Amaranth is a family of vegetables cultivated for both the seeds and leafy vegetables. Quinoa belongs to the amaranth family vegetables, specifically cultivated for its grains.
Amaranth and Quinoa microgreens is the easiest microgreens to grow, which makes it perfect for novice growers.
Organic Amaranth seeds are also one of the cheapest seeds on the market, which can be found as low as 5 dollars a pound at the time of this writing. And tt's quick growth cycle means that you can harvest your first batch in as little as 1 week.
Quinoa seeds can also be found in just about any health food store. Quinoa is more expensive than amaranth, but its larger seeds translates to faster and bigger growth than amaranth.
Amaranth and quinoa microgreens are better than sprouts in terms of antioxidant capacity. For more information, check out my article on the difference between sprouts and microgreens here.
Amaranth is rich in vitamin A, B, C and K. It is also a good source of calcium, iron, magnesium, potassium and zinc. It’s nutritional profile is well balanced and not skewed towards any vitamin or mineral.
Surprisingly, amaranth microgreens both have more antioxidants than kale microgreens.
Quinoa have double the concentration of total polyphenols versus amaranth, while amaranth have higher antioxidant activity versus quinoa (1). Pound per pound, growing amaranth microgreens is the most cost-effective method to fight cancer
Quinoa seeds are rich in protein and low in fat. So, if you're a vegitarian, the dual usage of quinoa seeds as a protein source and a microgreens seeds is greatly advantagous in terms of space saving for storage.
For growing periods less than two weeks, the best media for growing microgreens is peat moss. A thin layer of 0.5 to 1 inch of peat moss is sufficient to deliver consistent moisture for quinoa and amarant microgreens.
Peat moss medium must be moistened before usage. Peat moss repels water and floats on top of it when dry and compacted. Mix peat moss vigorously with water by addding water a little bit at a time. Drain excess water.
Another additive that you should consider when growing quinoa is vermiculite. Vermiculite helps to further retain moisture and also provides aeration. Vermiculite can be added up to 10% of the total medium by weight.

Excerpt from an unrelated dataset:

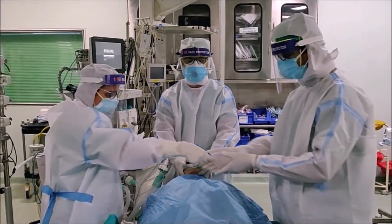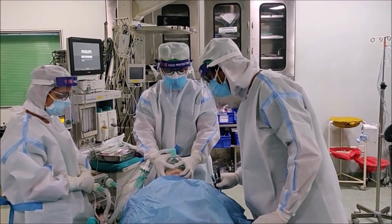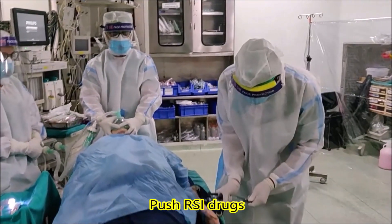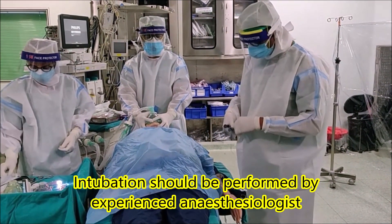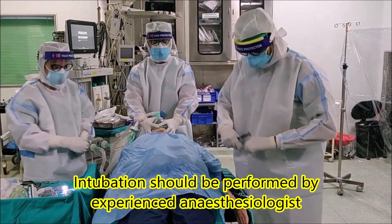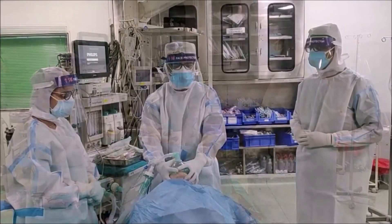Okay, may we have the induction drugs. Now let's take a long breath. Drugs are in. Sixty seconds are up.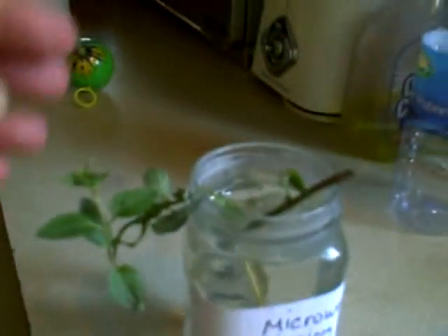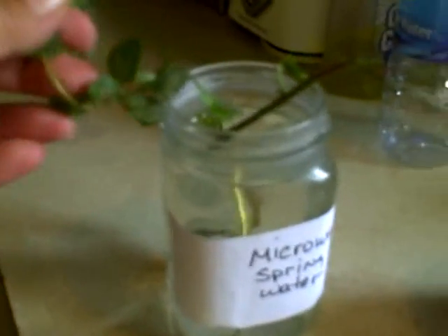Here is our microwaved watered mint. There's one last sprig — it's trying desperately to hold on. Look how dry and brittle the leaves look. This is literally dry as a bone. And the root system is brown. I hope you can see this — it's brown. The roots are shriveled up.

There’s little added benefit with adding fertilizer or rock dust because amaranth's root structure will not be robust enough at the time of harvest to utilize resources in the growing medium. However, lighting is a major contributor to the antioxidant content of amaranth.
Soaking amaranth seeds is not necessary. My experimental data on amaranth seeds soaked for 0, 1, and 3 hours showed that there is no statistical difference in the rate or amount of germination. However, amaranth has a low germination rate of 66%.
Amaranth originates from tropical climates, which means that for the germination period, you should either cover the container or layer the amaranth seeds with a thin layer of growing medium. It's critical that the seeds do not dry out during germination.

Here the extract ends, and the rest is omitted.